▶ **What to work on**:
The answer must consist solely of the lines from the one containing "925 Sterling Silver" through the last line of the records below, repeated exactly, with all pictures omitted.

▶ **Listed entries**:

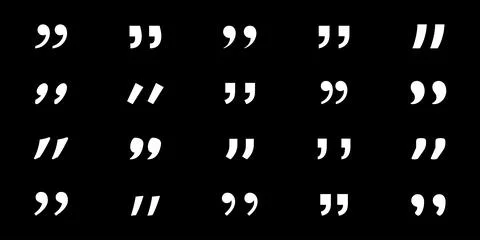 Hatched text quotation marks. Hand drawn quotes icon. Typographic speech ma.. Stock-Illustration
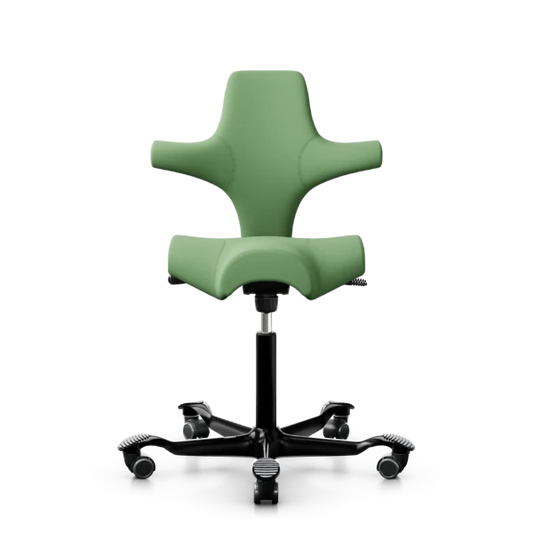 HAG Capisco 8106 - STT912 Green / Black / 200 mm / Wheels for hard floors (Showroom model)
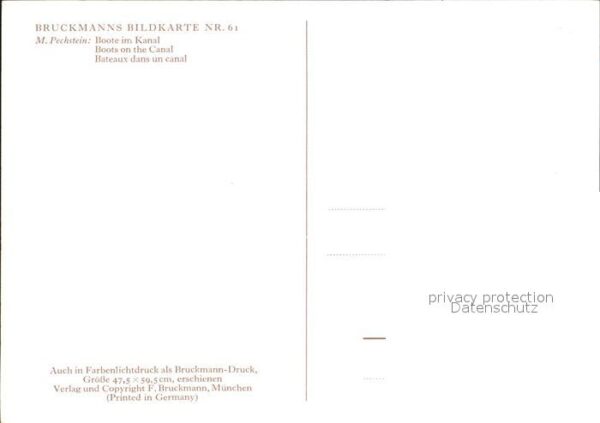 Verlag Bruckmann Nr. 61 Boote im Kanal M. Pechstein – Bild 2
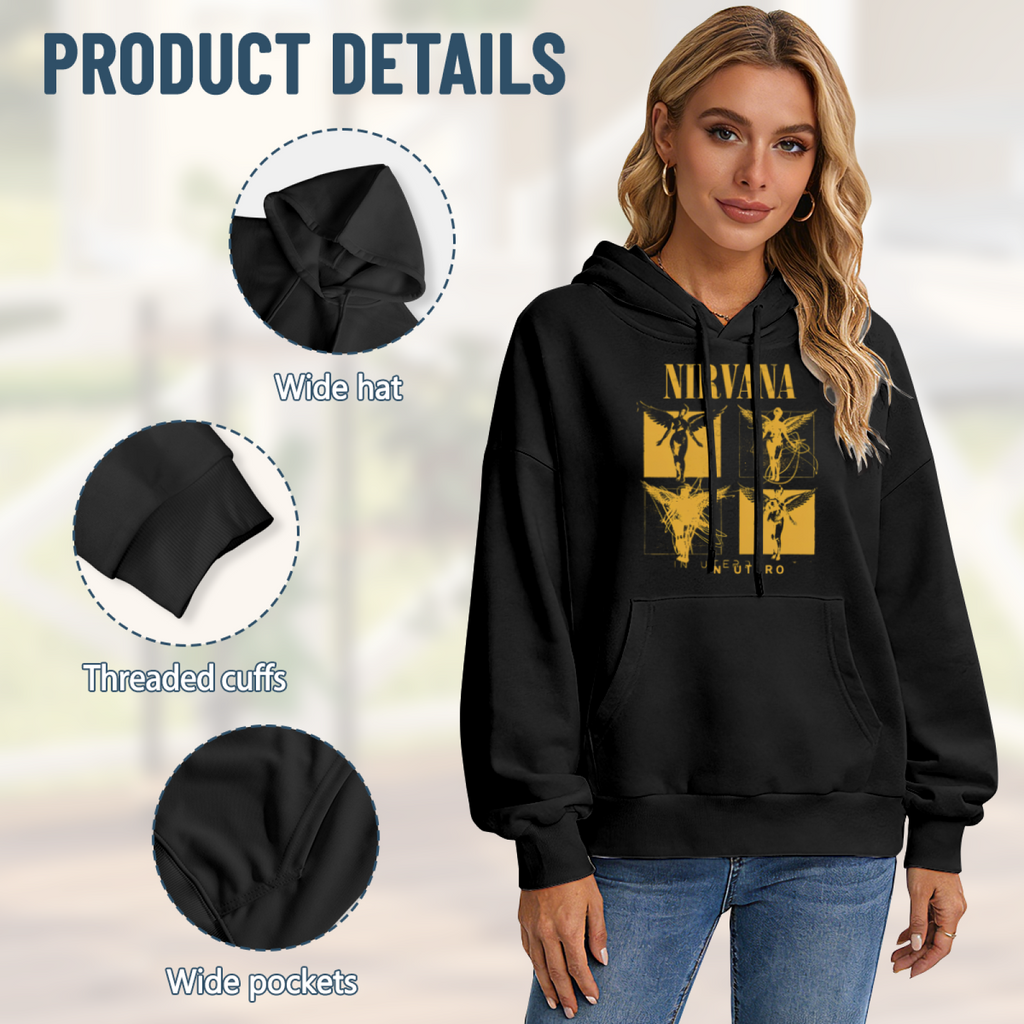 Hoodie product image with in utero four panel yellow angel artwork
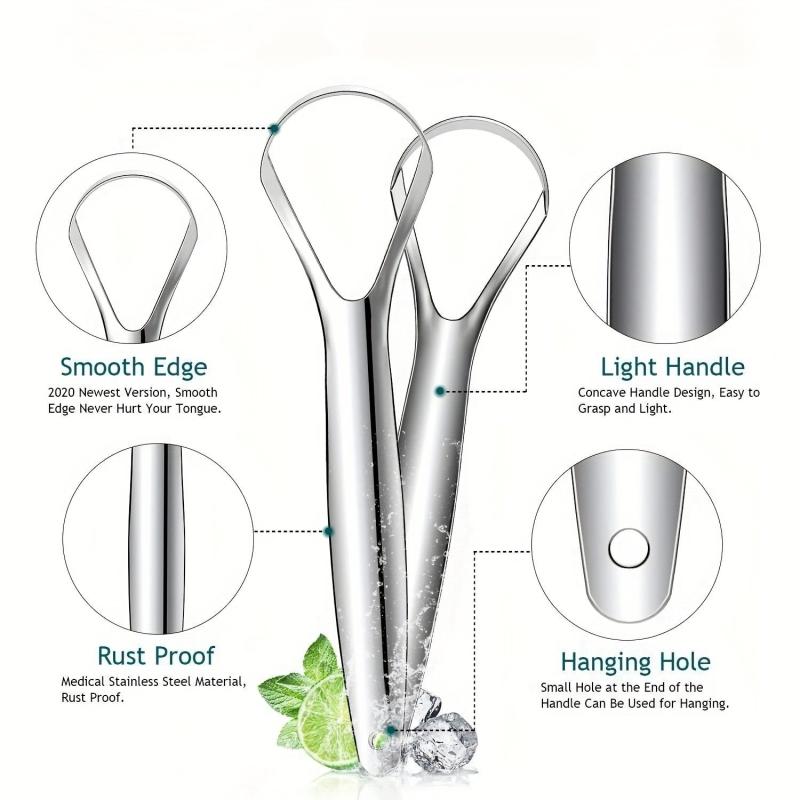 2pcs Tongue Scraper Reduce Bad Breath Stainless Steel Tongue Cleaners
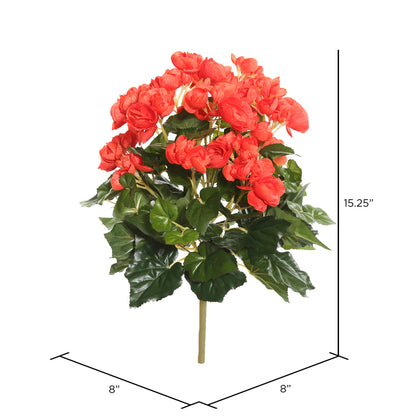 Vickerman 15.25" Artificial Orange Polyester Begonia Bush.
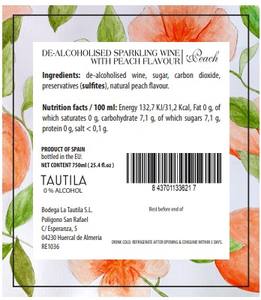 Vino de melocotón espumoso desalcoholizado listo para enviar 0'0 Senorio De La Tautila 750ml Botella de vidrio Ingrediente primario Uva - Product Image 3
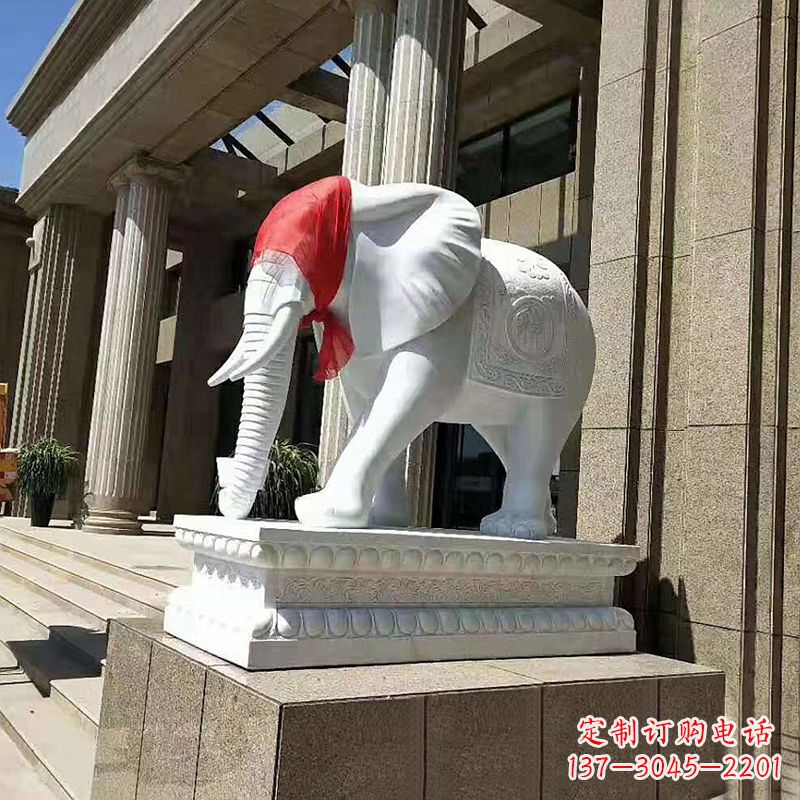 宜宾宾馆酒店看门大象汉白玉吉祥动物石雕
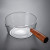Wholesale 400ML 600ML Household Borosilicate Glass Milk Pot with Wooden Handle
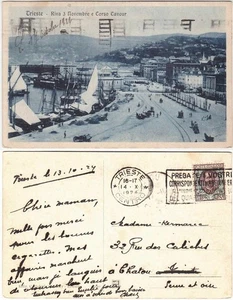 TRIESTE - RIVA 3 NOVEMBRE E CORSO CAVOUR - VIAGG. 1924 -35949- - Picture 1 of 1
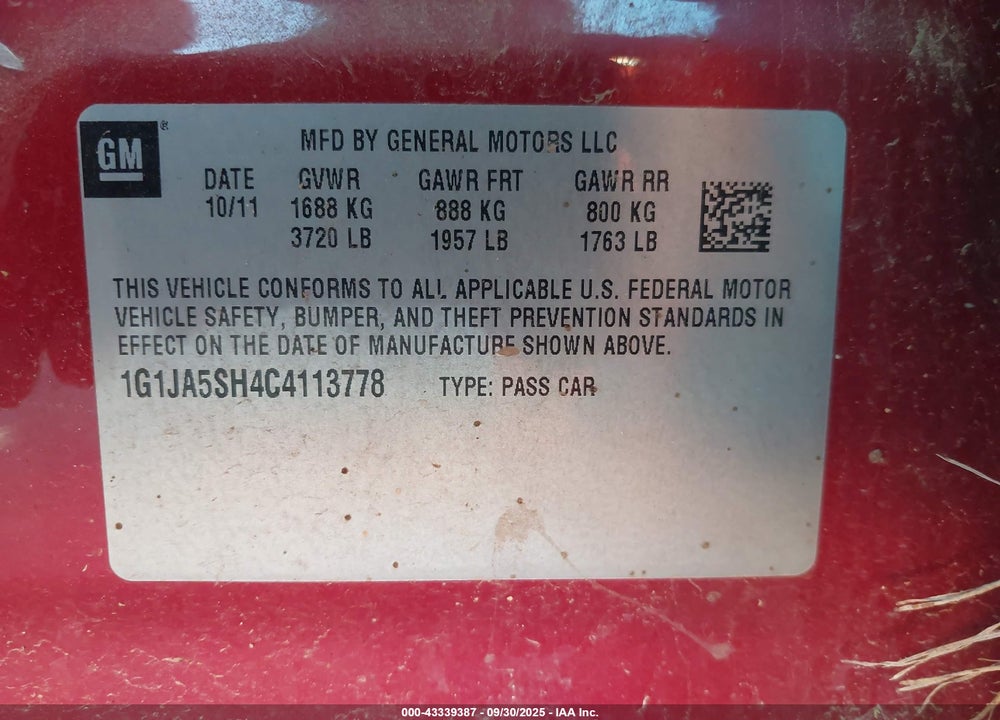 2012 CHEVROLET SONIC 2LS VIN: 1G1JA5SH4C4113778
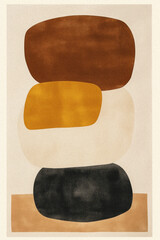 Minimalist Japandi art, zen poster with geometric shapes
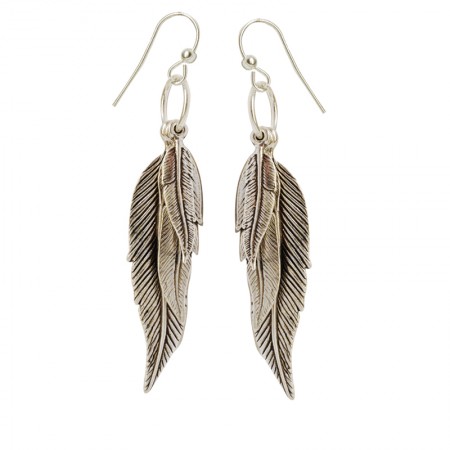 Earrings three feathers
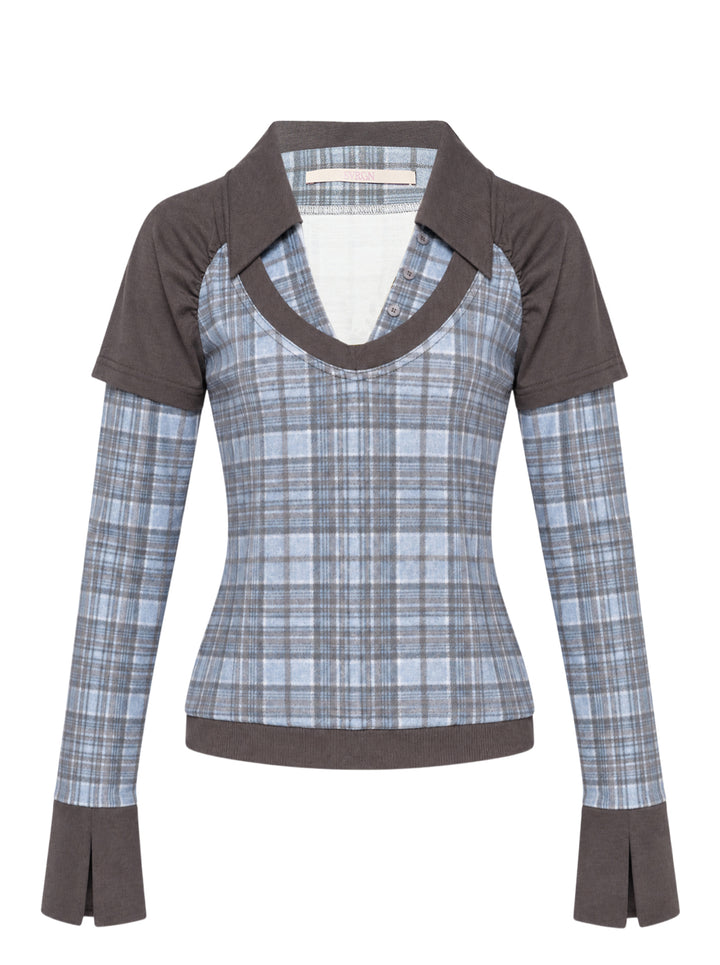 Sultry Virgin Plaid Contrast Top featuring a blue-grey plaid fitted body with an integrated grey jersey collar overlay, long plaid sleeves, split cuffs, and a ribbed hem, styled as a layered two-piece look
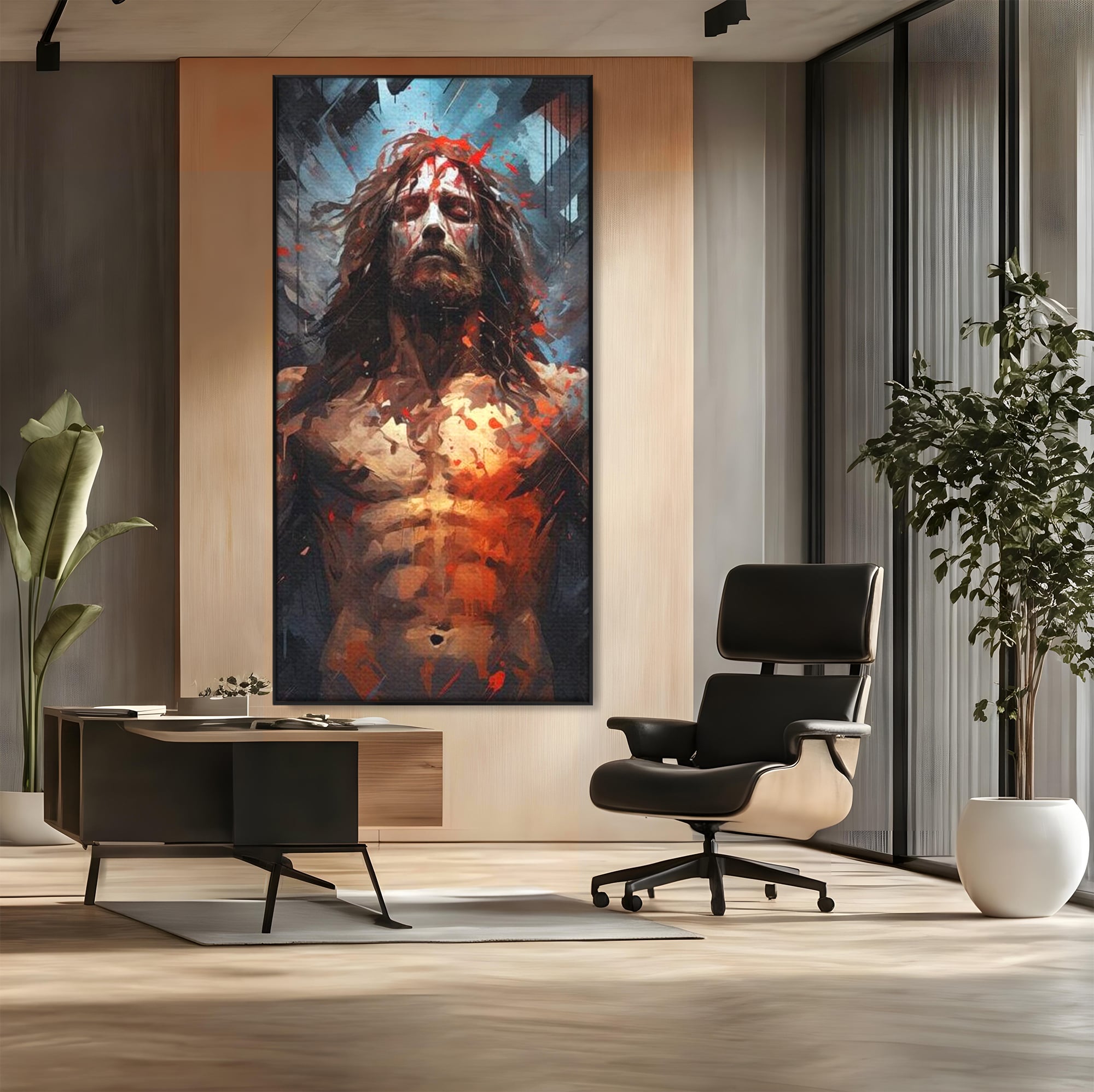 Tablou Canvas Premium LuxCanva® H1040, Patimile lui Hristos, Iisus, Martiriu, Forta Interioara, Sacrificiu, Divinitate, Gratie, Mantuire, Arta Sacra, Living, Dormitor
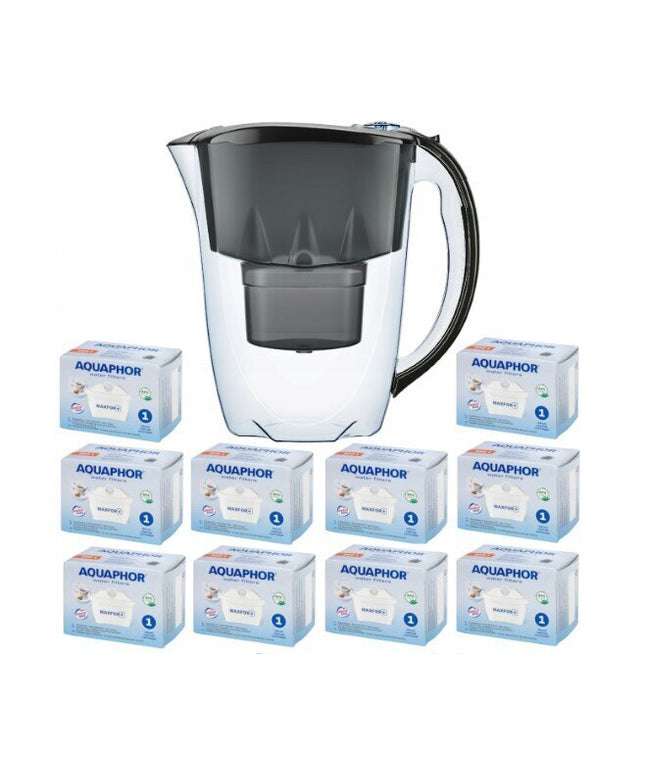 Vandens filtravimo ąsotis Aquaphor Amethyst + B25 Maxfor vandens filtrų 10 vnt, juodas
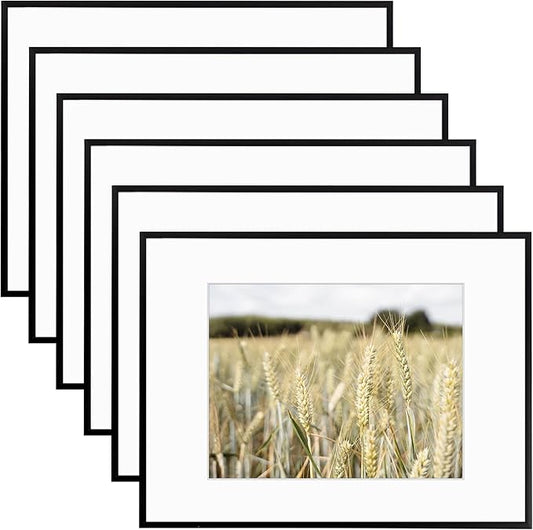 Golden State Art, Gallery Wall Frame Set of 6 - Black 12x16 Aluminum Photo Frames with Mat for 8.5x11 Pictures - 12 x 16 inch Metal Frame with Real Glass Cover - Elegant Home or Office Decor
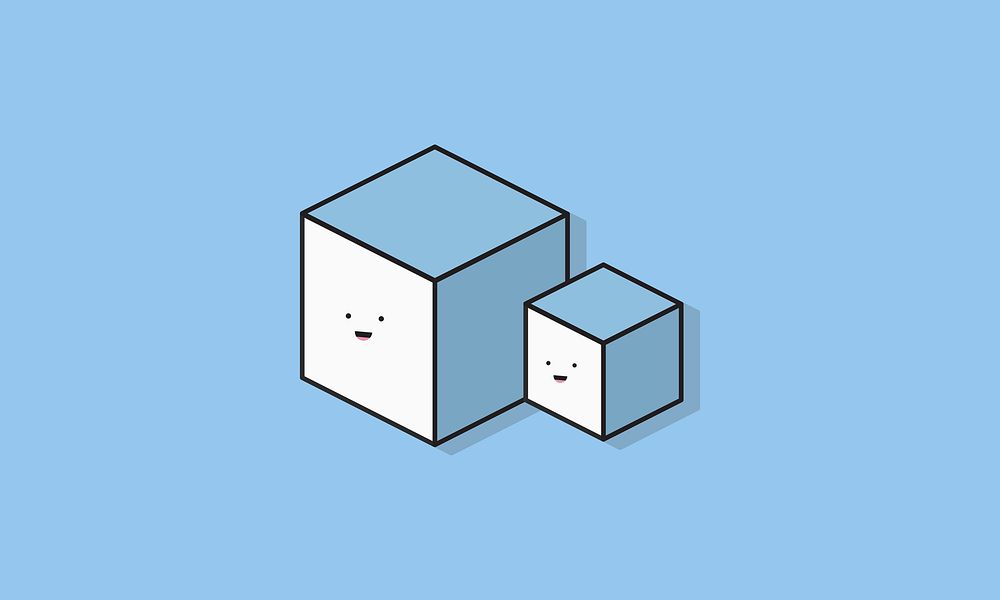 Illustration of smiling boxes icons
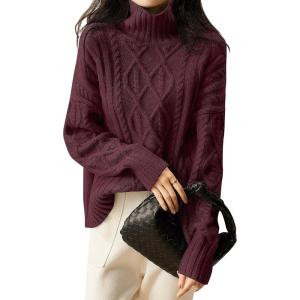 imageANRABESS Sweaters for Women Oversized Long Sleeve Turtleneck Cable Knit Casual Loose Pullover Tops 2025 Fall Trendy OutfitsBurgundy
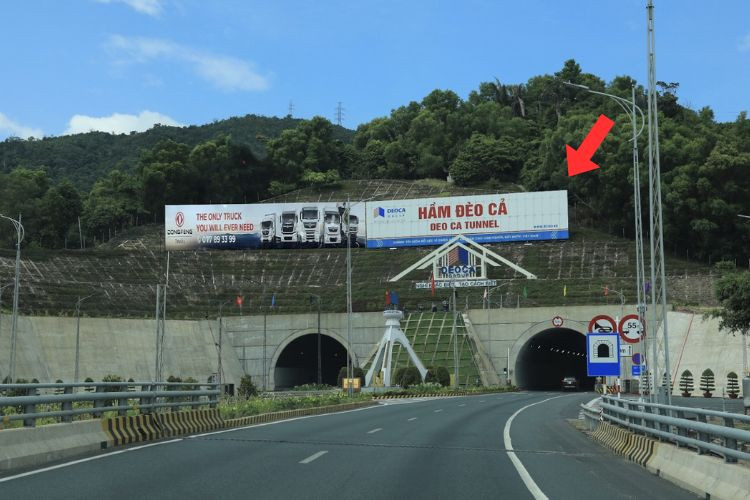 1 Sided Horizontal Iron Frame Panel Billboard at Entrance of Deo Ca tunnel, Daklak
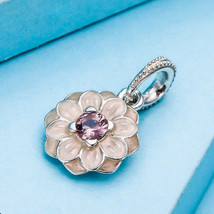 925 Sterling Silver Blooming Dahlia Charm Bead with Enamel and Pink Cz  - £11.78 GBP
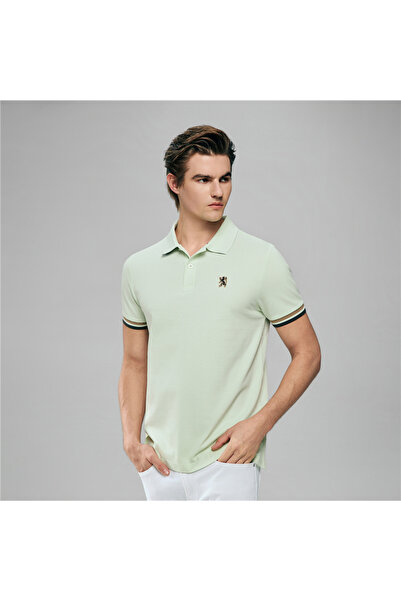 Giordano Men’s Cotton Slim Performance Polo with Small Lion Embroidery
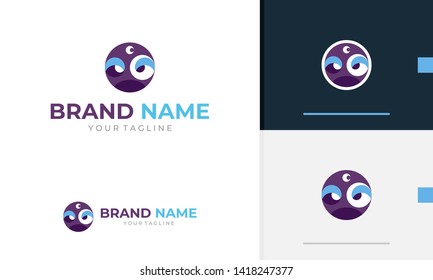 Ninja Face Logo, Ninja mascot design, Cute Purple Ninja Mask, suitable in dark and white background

▶ **Worked solution**:
 925 Sterling Silver Blooming Dahlia Charm Bead with Enamel and Pink Cz  - £11.78 GBP
 Giordano Men’s Cotton Slim Performance Polo with Small Lion Embroidery
 Ninja Face Logo, Ninja mascot design, Cute Purple Ninja Mask, suitable in dark and white background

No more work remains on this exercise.